I have watched brother turn against brother in this season, Christians saying all manner of evil against one another, using the extreme soundbites of “heretic” and “apostate” to identify who is “in” and who is “out” due to their political leanings. The claim in both camps being that “God is on our side.”

Today I am wondering some things . . . how will Christians explain if their candidate wins . . . Was God obviously on their side? What if their candidate loses? Is God sovereign or not? Did he elect the “wrong guy?” If God is “in control,” then why should we even vote? (These are rhetorical questions—I’m not looking for someone to send me your theological essay.)

Frankly, I am dreading tonight. Not because I am worried about who will be elected and what it will mean, but I dread the gloating and the depression, the hype and the fear.

Last election I was on the road teaching while the votes were coming in. That night, I had taught about God’s heart for the poor, the vulnerable——about the message of the Gospel to free the oppressed. I was staying in the home of some very nice Christian people, who switched off the television as it became clear that Obama was going to win. They just could not watch as the apocalypse ensued. (I am not exaggerating here…)

I spent the next moments holed up in my host bedroom, listening to Obama’s acceptance speech over my cell phone, as my husband held his phone up to our TV at home. Tears poured down my cheeks as I meditated on the distance we have come since my birth during the Nixon era to electing a black man as our president——while out in the living room I could hear the teenage daughter of my host family wailing, “I don’t want to get up tomorrow morning! I don’t know what the world is going to look like tomorrow!”

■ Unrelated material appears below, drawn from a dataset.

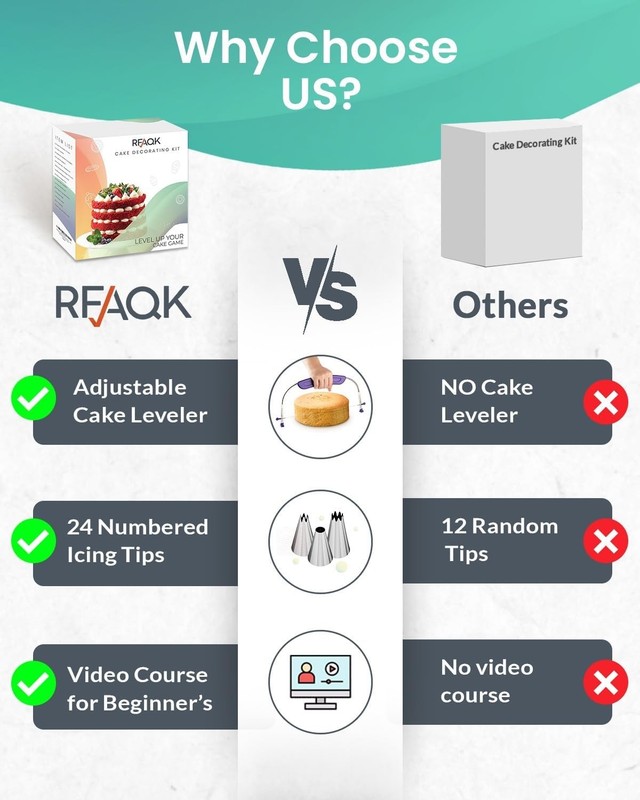 64 Pcs Cake Decorating Kit for Beginners Includes Video Course, Booklet + Baking gallery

Once again, I am on the road on election day, and it just so happens that again tonight I will be teaching about God’s heart for the poor, the weak, the vulnerable, the oppressed. I will be heralding the claims of the Gospel of Jesus to heal the brokenhearted, to give sight to the blind, to give liberty to those who are oppressed and to declare the Year of Jubilee. This is the agenda——the platform——of our King.

I often am accused of being naive (and I am sure this accusation is somewhat true). I know that the issues are many, and complicated, and that LOVE seems to be an oversimplification. But I also know that Jesus (The President of the Kingdom in which we have our citizenship) made his mission——his agenda——clear, very simple.

I am anxious for this day to be over and for us to get on with being about our Father’s business.